• [What the task asks] Transcribe the data that follows in full. Leave out the pictures.

• [Given material]
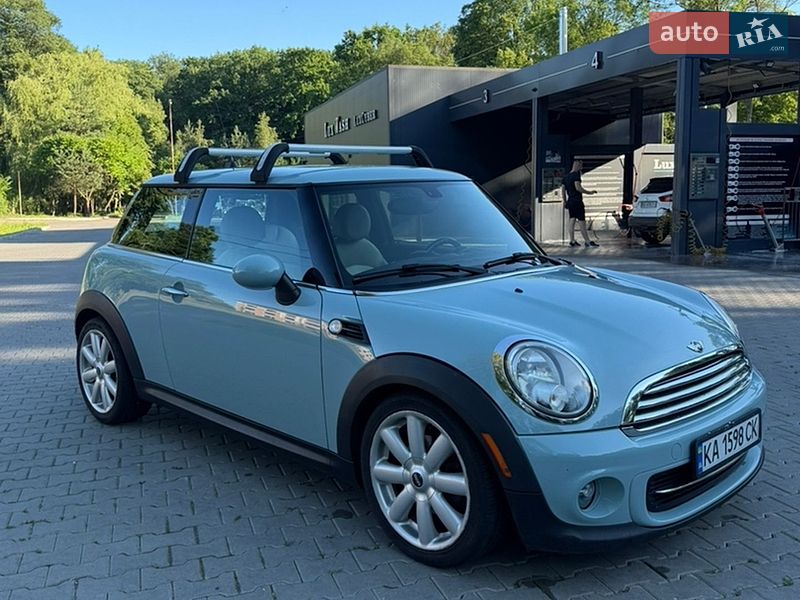 Хэтчбек MINI Cooper 2013 в Дрогобыче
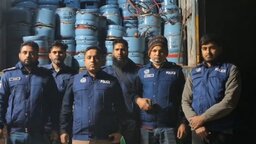 শিবচরে এক্সপ্রেসওয়েতে ডাকাতি হওয়া ৪৬২ পিস সিলিন্ডার উদ্ধার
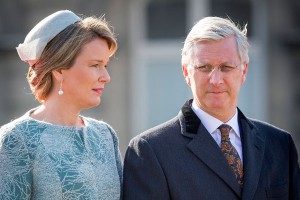 Королевская семья сбежала из Брюсселя Королевская семья сбежала из Брюсселя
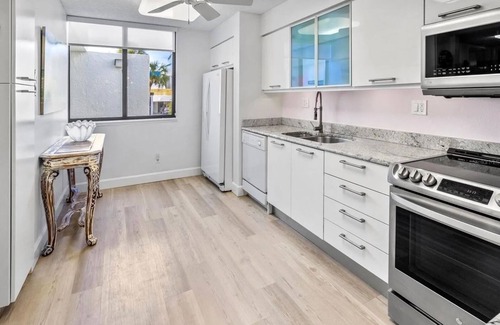 Longboat Key Condo | Longboat Key Private Beach Access Condo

• [Written response]
 Хэтчбек MINI Cooper 2013 в Дрогобыче
 শিবচরে এক্সপ্রেসওয়েতে ডাকাতি হওয়া ৪৬২ পিস সিলিন্ডার উদ্ধার
 Королевская семья сбежала из Брюсселя Королевская семья сбежала из Брюсселя
 Longboat Key Condo | Longboat Key Private Beach Access Condo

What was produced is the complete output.